A conceptual view of the planned DSU Applied Research Lab in Sioux Falls.
Dakota State University
A conceptual view of the planned DSU Applied Research Lab in Sioux Falls.

South Dakota Lawmakers have approved an unprecedented amount of funding for the state’s higher education system.

The legislature appropriated a total of nearly $288 million for special one-time projects on all 6 of the state’s university campuses. Around 87% of that money is for the construction and renovation of university buildings. The main funding source for these building projects comes from private donations which require legislative approval to spend.

One big-ticket item that lawmakers approved is Dakota State University’s applied research lab for cyber security. The planned opening date for the facility is 2025 in Sioux Falls.

DSU received $50 million in private donations for the proposed lab.

DSU President José-Marie Griffiths says the facility will help make South Dakota a center for cyber security research and business. She says this will create jobs for current DSU students seeking a degree in cyber security.

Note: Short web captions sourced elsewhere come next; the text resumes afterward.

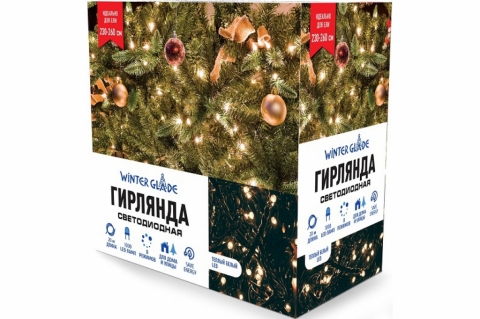 products/Электрическая гирлянда Winter Glade Теплый белый свет 1000 ламп CB1000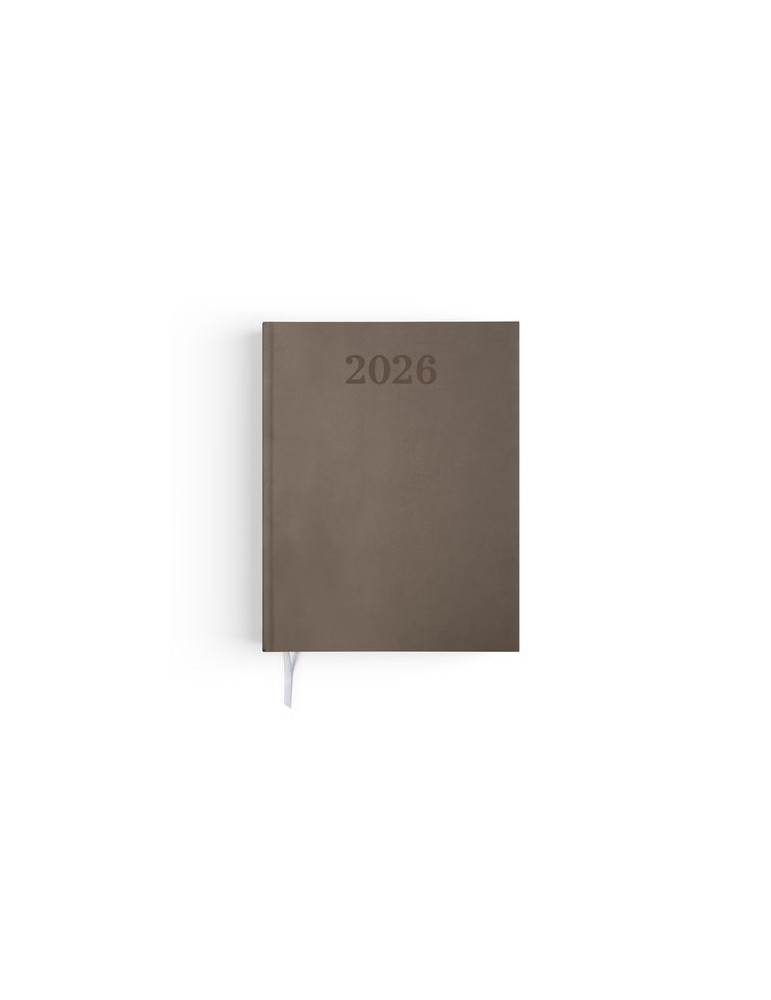 AGENDA EMBOITE PREMIUM 2026 - MINI 90 x 165 mm - COUVERTURE ANTHRACITE - SANS MARQUAGE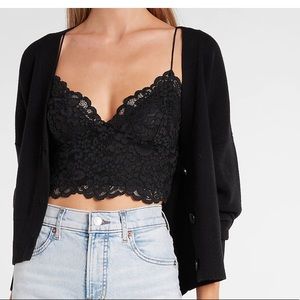 Lace cropped cami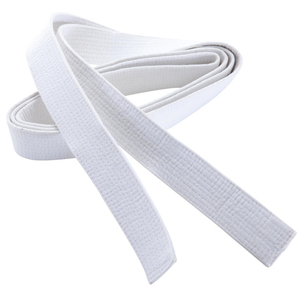 Ceintures d'arts martiaux personnalisées en gros, colorées, à double enroulement, pour karaté, judo, BJJ, légères, respirantes, à séchage rapide, unisexes, pour adultes - Product Image 1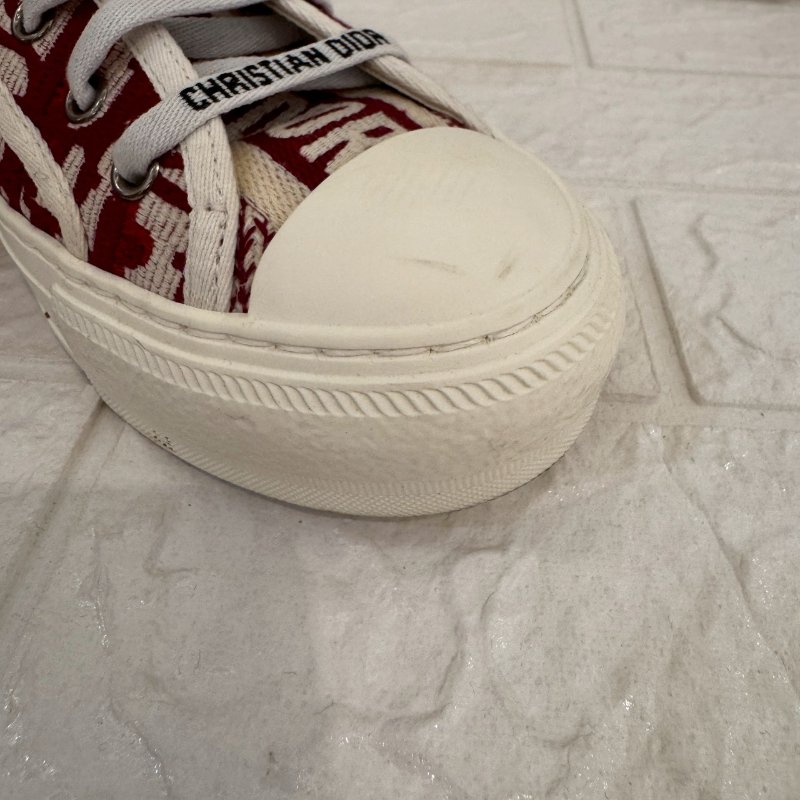 Dior Walk'n'Dior 紅緹花帆布鞋-7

"It will allow our students who are appropriately qualified, or graduates who are appropriately qualified to actually be able to stay in South Dakota to for a career. They are high paying careers. And it also is a signal for some of our alumni who have been out somewhere else in the United States to have an opportunity to come back because now they can do what they're doing on one of the coasts in a facility like this, but we will have the facility here. So, it will act as a big attractor."

Dakota State University also received 30 million dollars in state general funds to expand its cyber security programming. Griffiths says the money will allow DSU to double the number of graduates seeking a degree in computer and cyber sciences.